ASSIGNMENT
Below this line are records; transcribe exactly the lines between the one holding "I'm just going" and the one holding "My experience in", inclusive, and omit the pictures.

RECORDS SUPPLIED
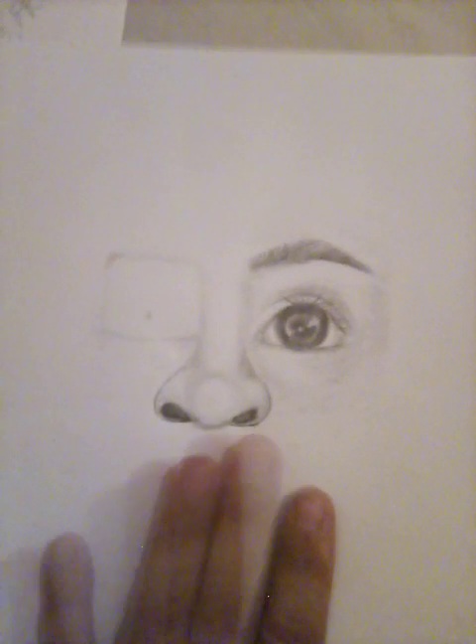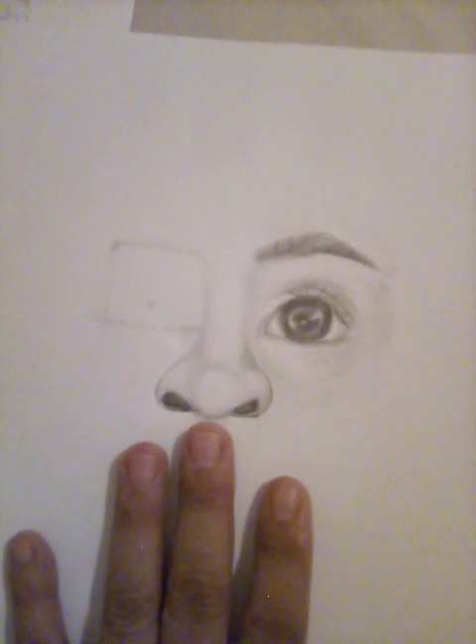I usually do this — not really this. I usually work on this. This is what I like doing: nature sketching. But I have to tell you, this has been fun because this is a lot more challenging.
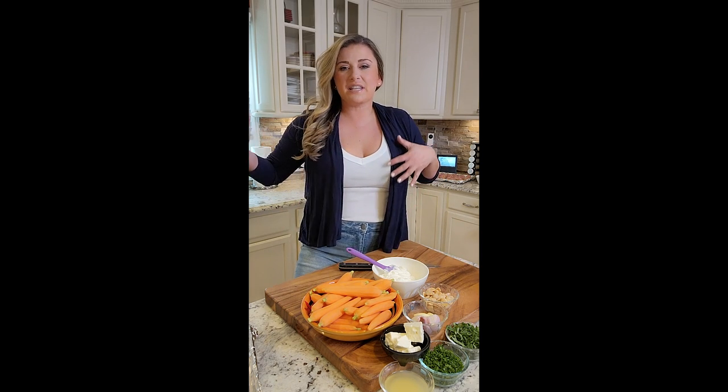Side dishes, salads — sometimes they become monotonous and stuff, so you want to get creative. I love this new season that we're going into: spring, fresh veggies. You can really showcase fresh ingredients.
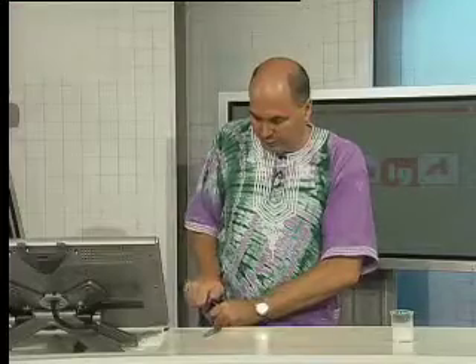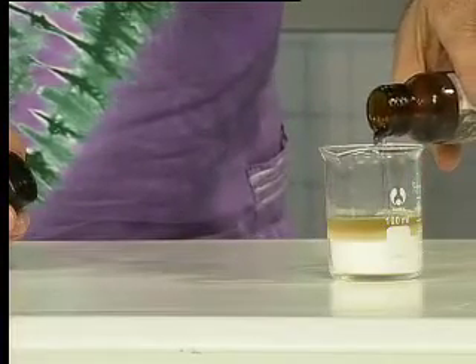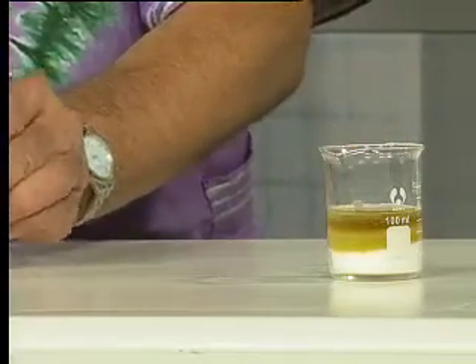I'm just going to open the seal — should have done that earlier — and I'm going to pour some sulfuric acid in there, quite a bit. Now watch carefully how the color begins to change.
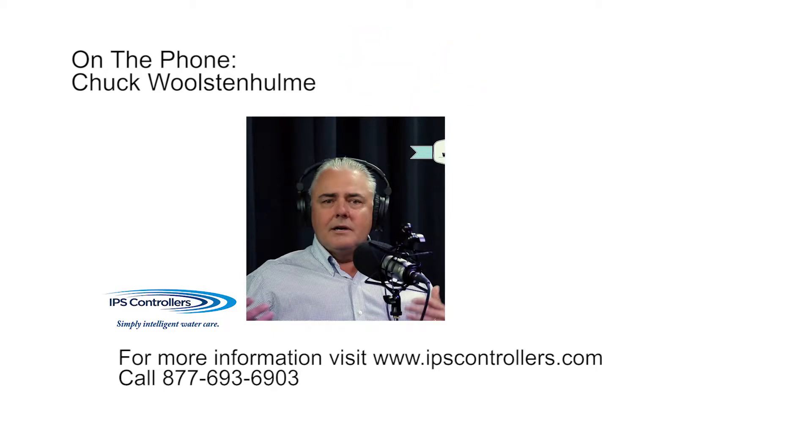Hi, Dave. It's Chuck with IPS Controllers. Hey, Chuck. How's it going? It's going great. I was just calling to let you know that we shipped your system out that you ordered. It's going to be at your distributor very soon.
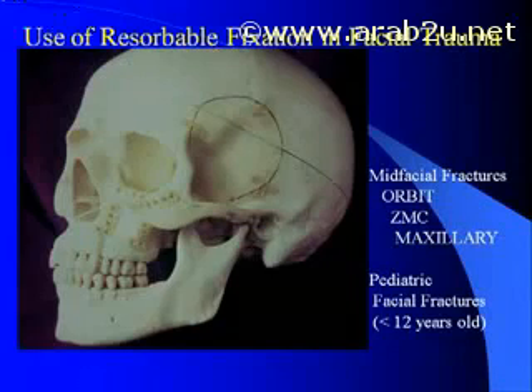My experience in utilizing Lactazorb for facial fractures is specifically for fractures of the upper face and middle face, as well as all fractures in children under the age of 12. Note specifically that my experience does not look at its use in mandible fractures, where at this time it is not indicated due to its inferior load-bearing properties.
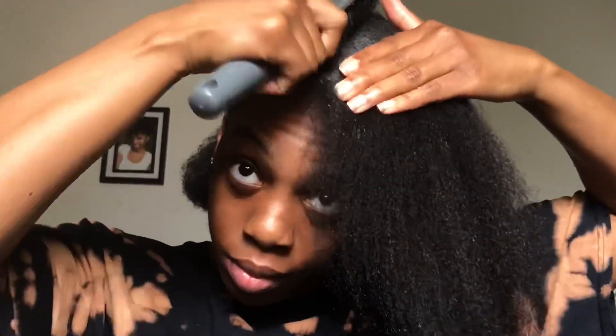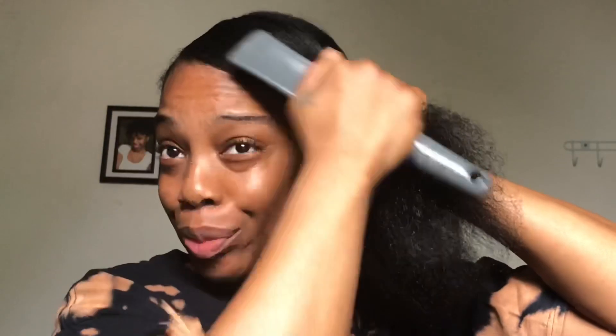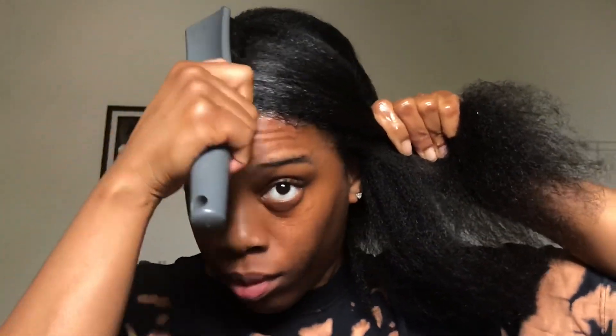Since I'm doing a deep side part ponytail, there's more hair on the left side — it's the thicker side of my hair anyway. I'm gonna go back in after I get it a little smoother to my liking, and focus more on my left side. For now I'm getting it into a smooth form, then I'll put my ponytail together and go back in and work on that side some more.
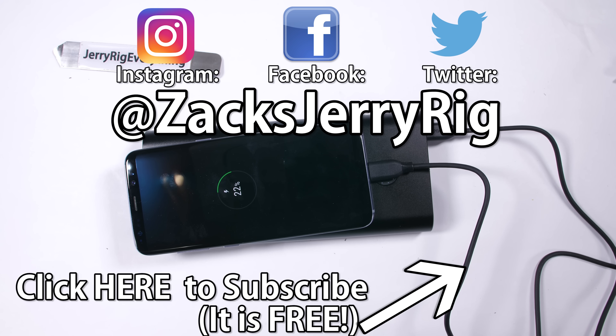What other electronics would you like to see me tear down on my channel? Let me know down in the comments. Thanks a ton for watching — I'll see you around.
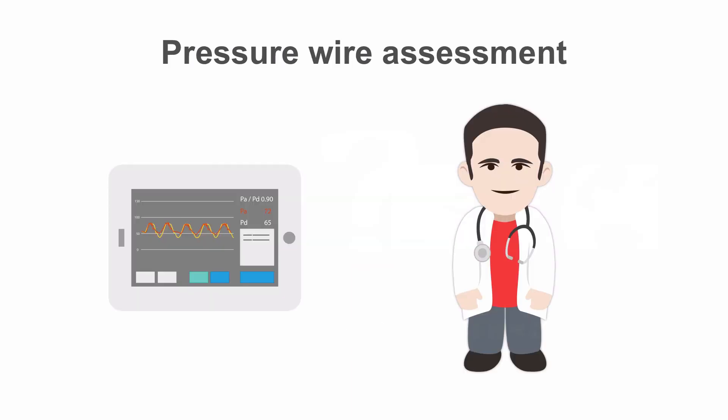So now you understand some of the technology and terminology, we'll have a look at how we go about performing a pressure wire study in the cath lab in the next lesson.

REPLY TO THE TASK
I'm just going to open the seal — should have done that earlier — and I'm going to pour some sulfuric acid in there, quite a bit. Now watch carefully how the color begins to change.
Hi, Dave. It's Chuck with IPS Controllers. Hey, Chuck. How's it going? It's going great. I was just calling to let you know that we shipped your system out that you ordered. It's going to be at your distributor very soon.
My experience in utilizing Lactazorb for facial fractures is specifically for fractures of the upper face and middle face, as well as all fractures in children under the age of 12. Note specifically that my experience does not look at its use in mandible fractures, where at this time it is not indicated due to its inferior load-bearing properties.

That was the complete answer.